Tuesday 22 October 2013

Grangemouth oil refinery: future in doubt after workers reject pay offer

Permanent closure a possibility after half of staff at Scottish site vote against owner Ineos's proposal to cut costs
The Grangemouth oil refinery faces the threat of permanent closure after half its staff rejected management proposals to cut costs at the Scottish site.
Unite said 665 of its members – out of 1,370 staff – had rejected the deal offered by Ineos, which owns Scotland's only refinery and has said it will make a decision about the site's future on Tuesday.
Ineos had given its permanent employees until 6pm on Monday to accept its plan, which included less generous pensions and a three-year pay freeze.
Ineos shut down the giant site on the Firth of Forth last Wednesday and has threatened to leave it shut if its demands are rejected.
Ineos's shareholders, led by its billionaire chairman Jim Ratcliffe, are set to decide on Tuesday whether to go through with their threat of permanent closure.
Pat Rafferty, Unite's Scottish secretary, said the workers who had rejected the plan were "the backbone of the plant, the people who keep the site running and the oil flowing". He called on Ratcliffe to reopen the plant and restart talks.
Ineos attempted to bypass Unite on Friday by putting its "survival plan" for Grangemouth directly to the workforce after months of wrangling with the union.
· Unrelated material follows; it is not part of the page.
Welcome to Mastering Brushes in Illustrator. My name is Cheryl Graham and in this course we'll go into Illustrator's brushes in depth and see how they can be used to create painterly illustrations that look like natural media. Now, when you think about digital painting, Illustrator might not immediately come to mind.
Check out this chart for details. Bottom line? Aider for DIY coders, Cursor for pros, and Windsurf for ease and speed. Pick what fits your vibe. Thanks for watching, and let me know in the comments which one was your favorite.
Unite has asked its members, who constitute about 80% of the permanent employees, to give their responses to the union, not to Ineos.
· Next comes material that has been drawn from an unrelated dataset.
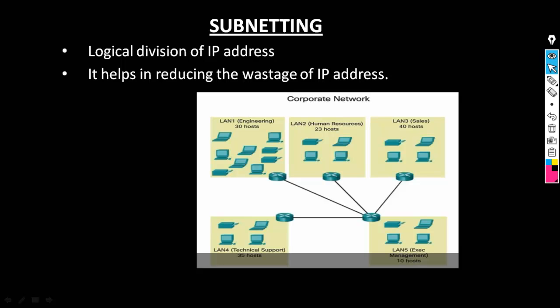In every organization we have different departments like sales department, accounts department, marketing department, and HR department. In every department let's say there are 55 users, and my requirement is that all these departments should not communicate with each other. For that, what I can do is configure them in different networks.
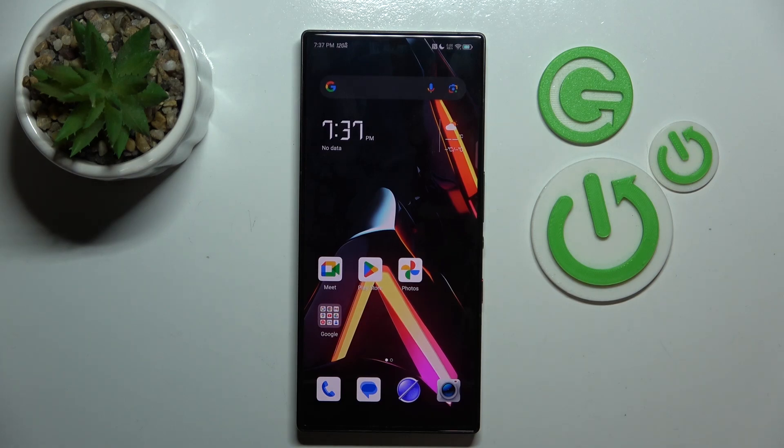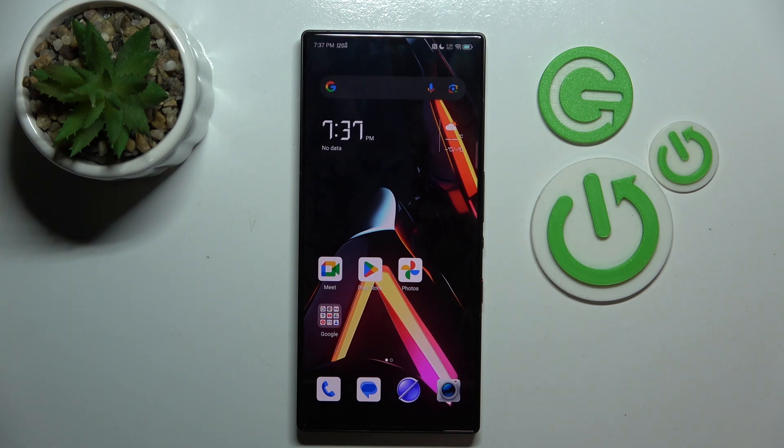Hello, in this video I will show you how to do a hard reset through settings on Red Magic 9S Pro.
Ineos said it had received about 300 acceptances by Sunday evening. The company had said it would not reopen Grangemouth unless Unite pledged not to strike until the end of this year. Unite said it would give the guarantee if Ineos withdrew its ultimatum to employees and let talks resume.
Grangemouth is a big employer in Scotland, produces most of the country's fuel and supports the economy indirectly in other ways.
Grangemouth houses a refinery that processes about 200,000 barrels of crude oil a day and a petrochemicals operation that produces more than 2 million tonnes of chemicals a year.
Ineos says petrochemicals is its worst-performing division but that closing that operation would damage the refining business because the two are "deeply integrated" and the refinery's byproducts feed the petrochemicals arm.
The company has offered workers up to £15,000 as a one-off payment plus a top-up to the new pension if they accept the deal.
The company claims employee costs contribute hugely to the losses of £10m a month at Grangemouth and that it will only invest to secure the site's future if the workers take some pain.